The "little junior", as his name translates from Portuguese, is big news in Middlesbrough and in greater Britain. Back home, however, it is a different story. In Juninho's home city the name on everyone's lips, and on every back page, is the one which has replaced his own on Mario Zagallo's national team-sheet. While England has waited for news of Boro's brilliant Brazilian - is he bound for Madrid or Manchester? - Sao Paulans have been preoccupied with Djalma Feitosa Dia, or Djalminha, as the man who has assumed the treasured yellow No 10 shirt is more popularly known.

Djalminha has eclipsed Juninho as the rising star of Brazilian football with his dazzling midfield displays with Palmeiras, the Sao Paulo club which gave English football its first Brazilian (Mirandinha, of whom Jim Smith, his manager at Newcastle, famously said, "he was more concerned about his pig farm back home".) Spanish eyes have taken note. Indeed, it was reported in Spain on Thursday that Deportivo La Coruna had signed Djalminha for pounds 4.3m. The story in Sao Paulo, however, is that the 26-year- old will remain a Sao Paulo player until after he appears in the World Cup shop window in France next summer - unless Deportivo up the bidding towards pounds 7.5m.

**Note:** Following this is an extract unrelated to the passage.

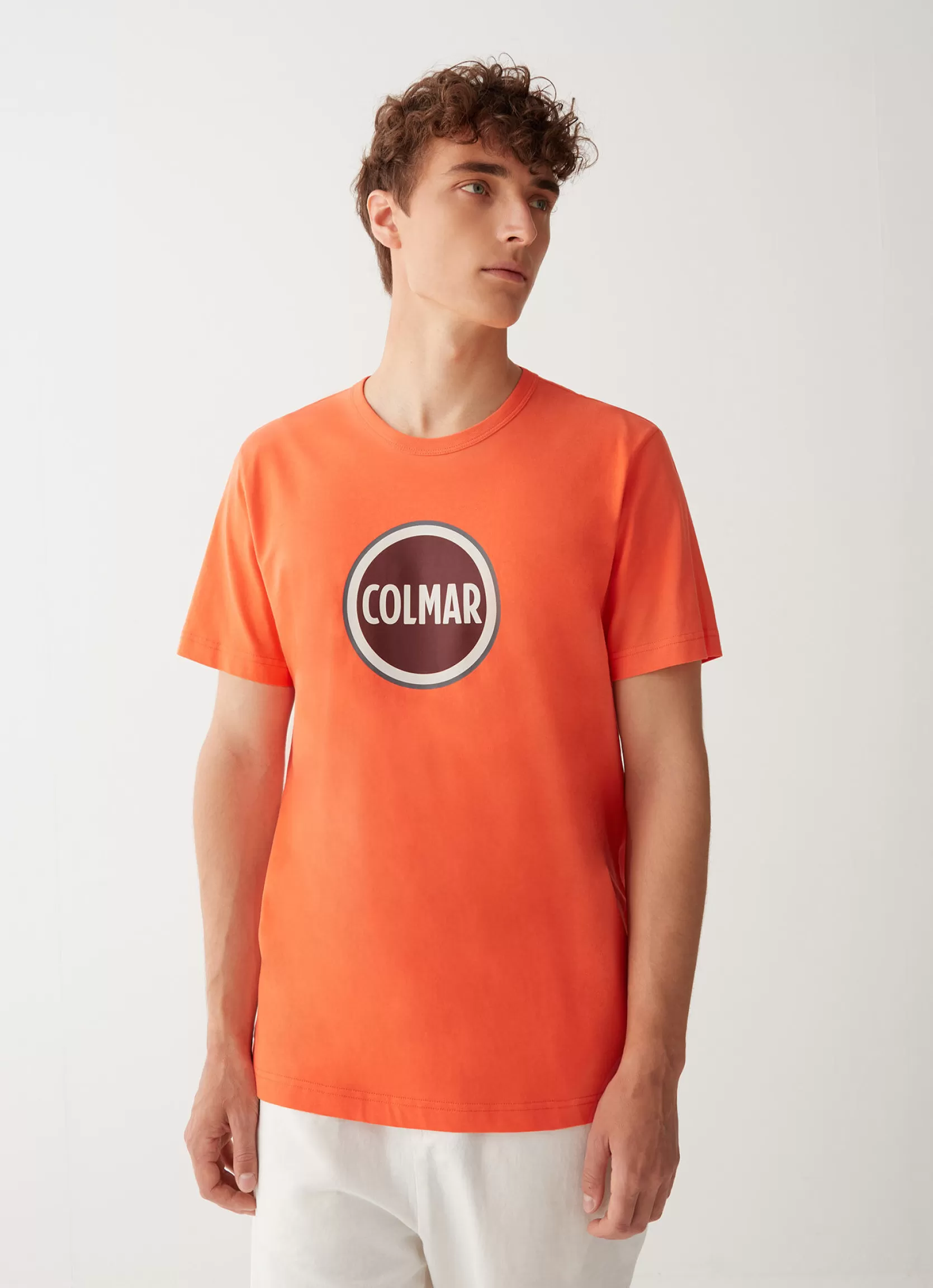 Colmar Cotton T-shirt with maxi logo | man Outlet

A passing interest from Manchester would not be surprising, if Leandro Loyola's appraisal of the wanted man is noted. "Djalminha is not so much like Juninho," Loyola, football correspondent of Noticias Populares, mused. "He is more like Eric Cantona." The comparison, it must be said, is largely founded on a temperament as volatile as the volcanic Cantona vintage; Djalminha was released by his first club, Flamengo, after coming to blows with a team-mate and stormed off home in his kit when he was sent off for bad-mouthing the referee in a Brazilian Cup tie last week. But, as Zagallo pointed out, in support of the squad he has chosen for the Tournoi de France and the Copa America, there are functional football differences between Djalminha and Juninho.

"Djalminha is more what we call the classic type of Brazilian player," Zagallo said. "He is not as fast and he does not play as fast. He surveys the field and then picks his move. He is also more of an attacking player. Juninho is moving all the time; he comes back to help the midfield and the defence. We do not need that because we play with two defensive midfield players, Dunga and Marcio Santos.

"Djalminha has been playing better this season and he is in the team now. He will get his chance in France and in Bolivia when we play in the Copa America. But that does not mean Juninho will not go to the World Cup. We have one year to go and many more tests before then. Nobody has a place in that squad yet, not even Ronaldo."

To force his way in, Juninho knows he must spend his next club season on view to Zagallo. The Champions' League stage a move to Old Trafford would provide may yet prove an attraction; Juninho and his family have settled contentedly in the north of England. But the live transmission of Spanish League matches in Brazil could be the decisive factor. Atletico Madrid claim to have agreed terms already with the player's father, Oswaldo Giroldo, though Juninho - on holiday with his mother and sister in Rio - has yet to commit himself.

Middlesbrough are unlikely to rubber-stamp a transfer for less than pounds 12m, and Atletico's latest bid did not stretch to eight figures. Boro's trophy cabinet remains empty but their cupboard is far from bare. They still have their prized asset: their pounds 4.75m investment from Sao Paulo.